The Way to the Stars (1945)

The traditional image of the British hero is a man (almost invariably) who is firmly part of the Establishment, which he embodies through everything he does. Sanders of the River (1935) runs his African mini-empire as though he was its schoolmaster, while even James Bond performs his various acts of heroism for Queen and country, most vividly depicted at the start of The Spy Who Loved Me (1977), when his seemingly fatal plunge off a cliff is stalled at the last minute by his Union Jack parachute.

The British stiff upper lip is even more in evidence in countless war films, especially those set during World War II, when the need to defeat Nazism united the country in a common purpose that it has rarely seen since. Regardless of whether one was actively fighting the war (In Which We Serve, 1942) or providing vital back-up at home (Millions Like Us, 1943), public stoicism was all-important and emotion only displayed in the most extreme (or private) situations. The Way to the Stars (1945) provides some particularly good examples, as the film explicitly contrasts British reserve with American exuberance.

The same attitude can be seen in a slightly different domestic form in Brief Encounter (1945), where Trevor Howard and Celia Johnson's heroism derives from their decision not to give in to their natural impulses and destroy their marriages by running away together. Conformity with what British society considered acceptable was more important than following individual desires, even if this involved making huge emotional sacrifices.

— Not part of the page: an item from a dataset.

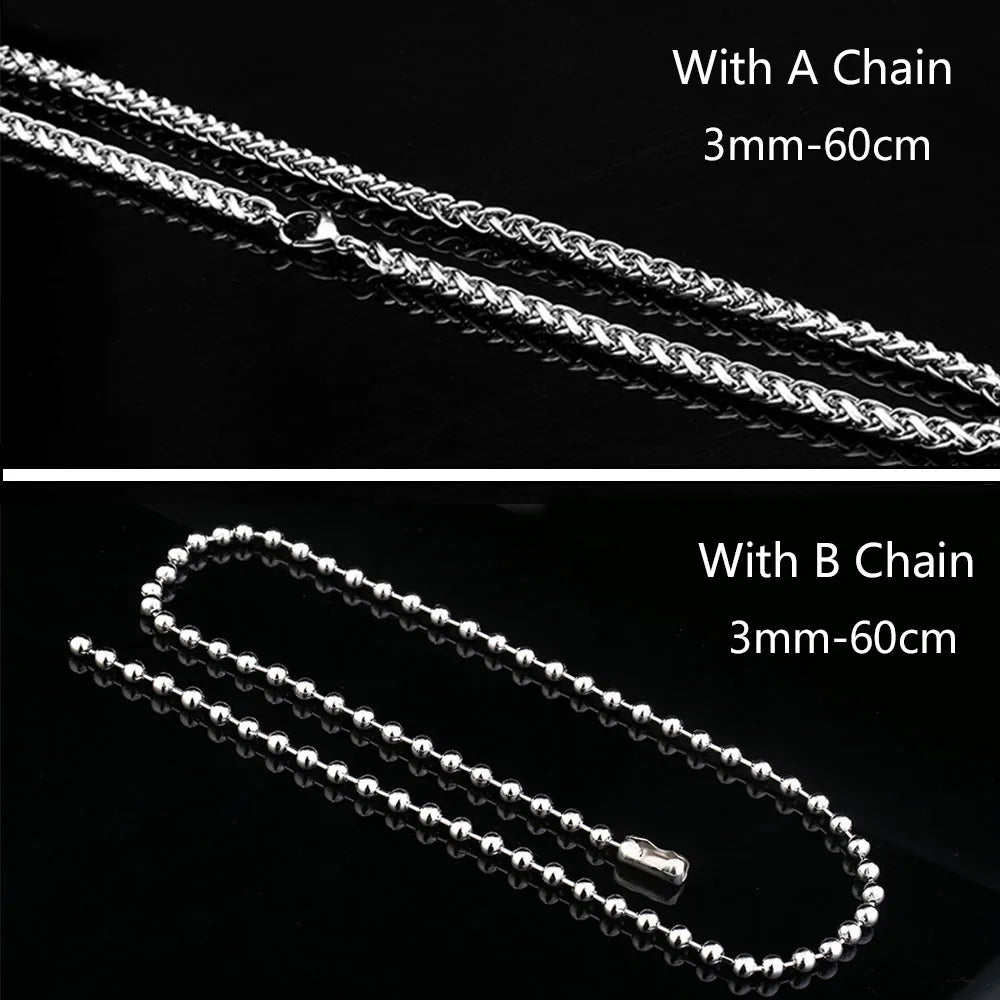 Stainless Steel  Medusa Pendant Necklace Vintage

Dated and much-mocked though this stereotype might seem, it is far from dead, as Hugh Grant's career demonstrates to perfection. While his characters are generally more impulsive than his filmic ancestors, they're nonetheless just as (self-)conscious of the impression that they're creating. Though the British Empire is long gone, and its parent a mere shadow of its former self, Grant has become a major international star by embodying the most appealing (if occasionally infuriating) British virtues: what his characters lack in spontaneity and verve they more than make up for in reliability, solidity and basic decency. And at a time when British society is more fragmented than ever, this in itself can be seen as authentically heroic.